In order to test increases of perceived intensity when subjects rejected a monetary win or accepted a monetary loss in order to avoid a nociceptive stimulus, it was necessary to apply the nociceptive stimulus although participants had decided to avoid it. This results in violated expectations and could theoretically induce negative emotions such as frustration or disappointment increasing pain perception32. Comparing the control trials (no reward with electrocutaneous stimulation rejected but nevertheless received) with trials in which participants accepted trials with no (zero) win coupled to the electrocutaneous stimulus or trials in which participants accepted the electrocutaneous stimulus to avoid the no (zero) loss, showed no difference between trials in which participants received their choice compared to when not receiving their choice (see supplementary material, S3). Because of the low occurrence of the trials for comparison with the control trials (N = 7 in the win trials, N = 20 in the lose trials), these results have to be interpreted cautiously. Nevertheless, this finding, together with the pattern of perceptual modulation with low and high reward speaks against effects of negative emotions; effects of negative emotions would be expected to increase perception of the nociceptive stimuli with low and high rewards but increased perception was only observed with low reward (when participants had rejected this choice) for both the win and the lose trials. This indicates that it was indeed a pain modulatory effect of the decision to prioritize pain over reward that was observed.

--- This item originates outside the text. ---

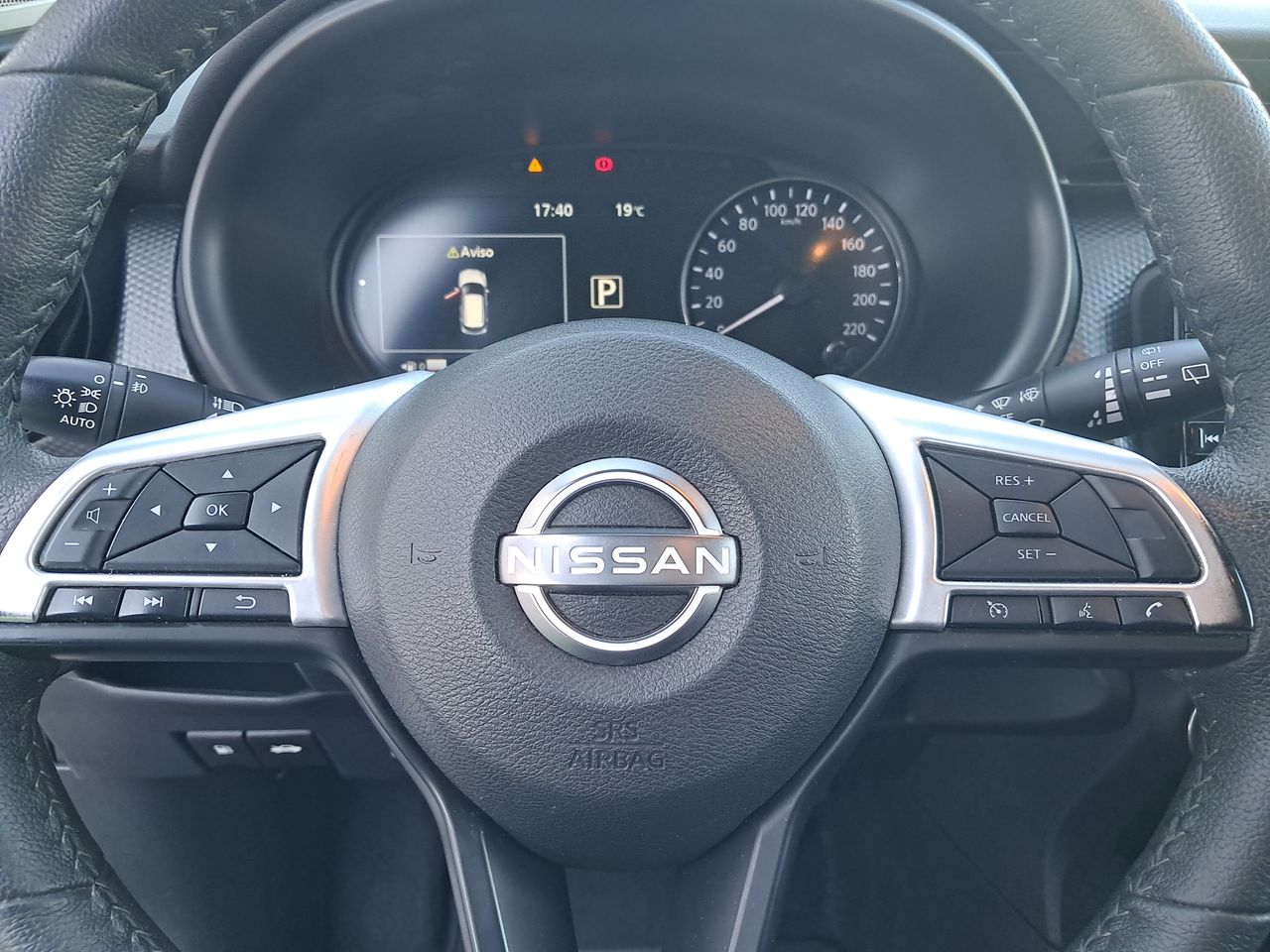 NISSAN - 25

For the hedonic ratings, participants were instructed to rate their liking of the monetary outcome independent of the pain. However, the hedonic ratings suggest that the nociceptive stimulus was too strong to be ignored. In contrast, the pain intensity and unpleasantness ratings suggest that participants truly only rated the nociceptive stimuli: if pain ratings had been influenced by how much participants liked the monetary wins, the ratings would have been lower when nociceptive stimulation was paired with high reward compared to being paired with low reward or no reward. However, pain ratings were comparable when nociceptive stimulation was paired with high reward and no reward. We are therefore confident that participants rated their perceptions of the nociceptive stimuli independent of the monetary outcomes. To avoid biased ratings because of dissociations between pain and unpleasantness sensations, we used a combined rating scale of pain intensity and unpleasantness. It should be noted that this combined rating scale does not allow separating sensory-discriminative and affective dimensions of pain, which are known to be mediated by different cortical systems33.

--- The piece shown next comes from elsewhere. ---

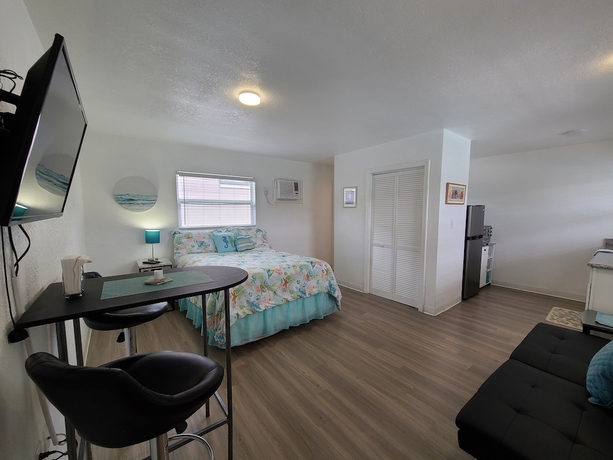 Imagen de la habitación del Hotel Sun Island Motel. Foto 5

The context of the drug administration in this study could have influenced participants’ behavior in the testing session. However, because participants did not receive information regarding which sort of drug effects were expected, it is unlikely that specific expectations might have influenced pain ratings, in particular in any systematic way (i.e. in one experimental condition vs. another).

In sum, the present results highlight the importance of subjective utility of pain avoidance and (monetary) rewards in decreasing and increasing perceived pain intensity when participants decide to accept a monetary reward coupled to pain or reject a monetary reward to avoid pain. To further expand these findings, future studies could investigate whether dopamine and the OFC mediate the moderating role of subjective utility in modulation of the perception of nociceptive stimuli and whether these effects are altered in chronic pain patients.